An issue to consider if promoting the PROD Datastore Spreadsheet is weather to make a live link to the PROD data or create as fixed data. For example, the mapping solutions from day 20 broke after PROD data was updated. Removing whitespace from some institution names meant that location data which was looked-up using a combination of fixed and live data failed to find the amended institution names. This is not so much an issue with PROD data but in the way the spreadsheet was developed. Consequently if CETIS were to go down the route of providing ready made Google Spreadsheets it should make clear to users that data might change at any point.  Alternatively instead of providing spreadsheets with live data CETIS might consider release versions of spreadsheets with fixed results (this could be provided for programmes or strands with have been completed). Production of the static sheets could be achieved manually by uploading a collection of csv reports (sheets for project information, technologies, standards etc) or be automated using Google Apps Script.

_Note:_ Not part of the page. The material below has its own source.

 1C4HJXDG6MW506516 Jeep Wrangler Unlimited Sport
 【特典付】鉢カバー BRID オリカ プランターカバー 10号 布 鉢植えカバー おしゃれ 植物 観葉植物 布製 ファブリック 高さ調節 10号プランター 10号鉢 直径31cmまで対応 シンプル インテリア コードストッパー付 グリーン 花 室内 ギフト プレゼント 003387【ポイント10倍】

In day 36 an additional workflow using a combination of R, Sweave and R2HTML was also explored. Using R opens the prospect of enhanced analysis of data being directly pulled via SPARQL queries to generate standard reports. The main question is whether there would be enough return in investment to set this up, or should the focus be of more lightweight solutions useable by a wider user base

  • Issues around potential workflows for mirroring data from our PROD database and linking it to other datasets in our Kasabi triple store.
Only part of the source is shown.